Ekspor Produk Jamu Indonesia Naik 14,08 Persen
Ekspor jamu memang sempat menurun selama periode lima tahun terakhir (2015-2019) kecuali pada 2017. namun pada periode Januari-September 2020 berhasil mencatatkan nilai USD 9,64 juta.

MONITORDAY.COM - Menteri Perdagangan Agus Suparmanto menyampaikan, nilai ekspor produk jamu atau biofarmaka Indonesia pada periode Januari-September 2020 meningkat 14,08 persen dibandingkan periode yang sama tahun 2019 lalu.

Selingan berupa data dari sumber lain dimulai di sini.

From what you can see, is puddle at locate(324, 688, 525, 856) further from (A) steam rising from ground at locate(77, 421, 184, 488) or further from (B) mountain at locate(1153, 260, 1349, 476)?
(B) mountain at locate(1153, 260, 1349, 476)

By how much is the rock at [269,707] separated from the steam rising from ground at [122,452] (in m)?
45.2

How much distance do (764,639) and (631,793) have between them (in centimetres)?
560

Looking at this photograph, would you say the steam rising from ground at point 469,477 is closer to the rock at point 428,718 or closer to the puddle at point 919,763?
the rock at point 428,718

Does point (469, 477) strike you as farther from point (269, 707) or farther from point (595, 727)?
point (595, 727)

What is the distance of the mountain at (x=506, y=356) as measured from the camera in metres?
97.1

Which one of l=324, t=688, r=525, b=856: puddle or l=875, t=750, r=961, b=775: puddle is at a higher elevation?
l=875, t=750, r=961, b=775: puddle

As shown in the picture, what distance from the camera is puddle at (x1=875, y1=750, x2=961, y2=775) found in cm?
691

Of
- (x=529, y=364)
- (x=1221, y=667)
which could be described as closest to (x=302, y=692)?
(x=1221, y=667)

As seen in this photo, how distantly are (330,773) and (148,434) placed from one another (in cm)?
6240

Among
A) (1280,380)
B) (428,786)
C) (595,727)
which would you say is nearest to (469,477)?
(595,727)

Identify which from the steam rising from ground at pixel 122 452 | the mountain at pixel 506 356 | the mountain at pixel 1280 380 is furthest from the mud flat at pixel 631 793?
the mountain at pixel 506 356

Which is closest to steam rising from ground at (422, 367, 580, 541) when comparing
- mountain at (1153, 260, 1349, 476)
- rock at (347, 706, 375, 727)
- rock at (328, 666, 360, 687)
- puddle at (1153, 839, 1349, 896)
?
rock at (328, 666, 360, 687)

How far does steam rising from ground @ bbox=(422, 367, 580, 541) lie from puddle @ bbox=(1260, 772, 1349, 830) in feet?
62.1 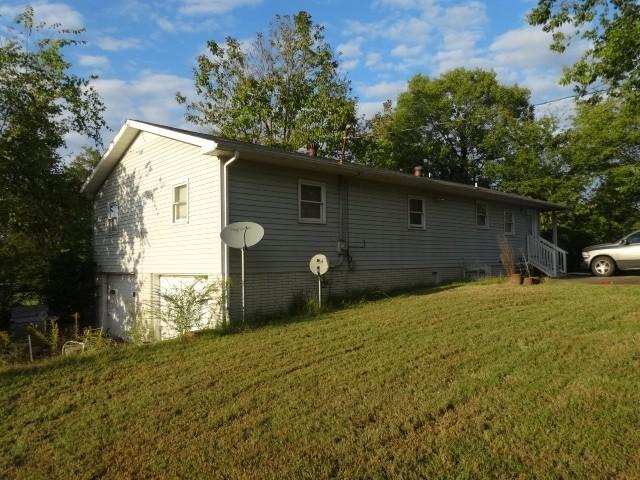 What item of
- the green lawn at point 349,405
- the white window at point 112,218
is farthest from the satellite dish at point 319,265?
the white window at point 112,218

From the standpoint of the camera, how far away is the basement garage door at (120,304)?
549 inches

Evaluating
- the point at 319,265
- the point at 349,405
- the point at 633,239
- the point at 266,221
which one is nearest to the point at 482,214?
the point at 633,239

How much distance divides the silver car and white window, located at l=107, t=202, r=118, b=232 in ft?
52.6

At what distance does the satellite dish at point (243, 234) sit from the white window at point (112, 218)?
7.24 m

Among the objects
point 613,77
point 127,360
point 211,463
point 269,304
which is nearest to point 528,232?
point 613,77

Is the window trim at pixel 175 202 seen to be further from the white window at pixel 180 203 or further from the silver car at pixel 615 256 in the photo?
the silver car at pixel 615 256

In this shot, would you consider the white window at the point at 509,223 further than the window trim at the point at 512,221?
Yes

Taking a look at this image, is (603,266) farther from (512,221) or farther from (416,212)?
(416,212)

"Pencapaian ini cukup menggembirakan, terutama di tengah perlambatan ekonomi global akibat pandemi Covid-19," kata Mendag, dalam siaran persnya, dikutip Senin (14/12).
Mendag memaparkan, ekspor jamu memang sempat menurun selama periode lima tahun terakhir (2015-2019) kecuali pada 2017. namun pada periode Januari-September 2020 berhasil mencatatkan nilai USD 9,64 juta.
"Nilai tersebut naik 14,08 persen dibandingkan pada periode yang sama (Januari--September)tahun lalu yang senilai USD 8,45 juta,” jelas Mendag.
Adapun negara tujuan ekspor Indonesia, Mendag menjelaskan, pada periode Januari-September 2020 masih didominasi oleh India (62,30 persen), Singapura (6,15 persen), Jepang (5,08 persen), Malaysia (3,75 persen), dan Vietnam (3,17 persen).
"Pada 2019, Indonesia menempati urutan ke-19 negara pengekspor jamu atau biofarmaka ke dunia dengan pangsa pasar 0,61 persen. Adapun pemasok jamu atau biofarmaka dunia masih dikuasai oIeh India (33,46 persen), Tiongkok (27,54 persen), dan Belanda (6,05 persen)" papar Mendag Agus.
Ia mengungkapkan, bahwa pihaknya telah menyusun strategi peningkatan ekspor baik jangka pendek dan jangka menengah, salah satunya melalui pendekatan produk.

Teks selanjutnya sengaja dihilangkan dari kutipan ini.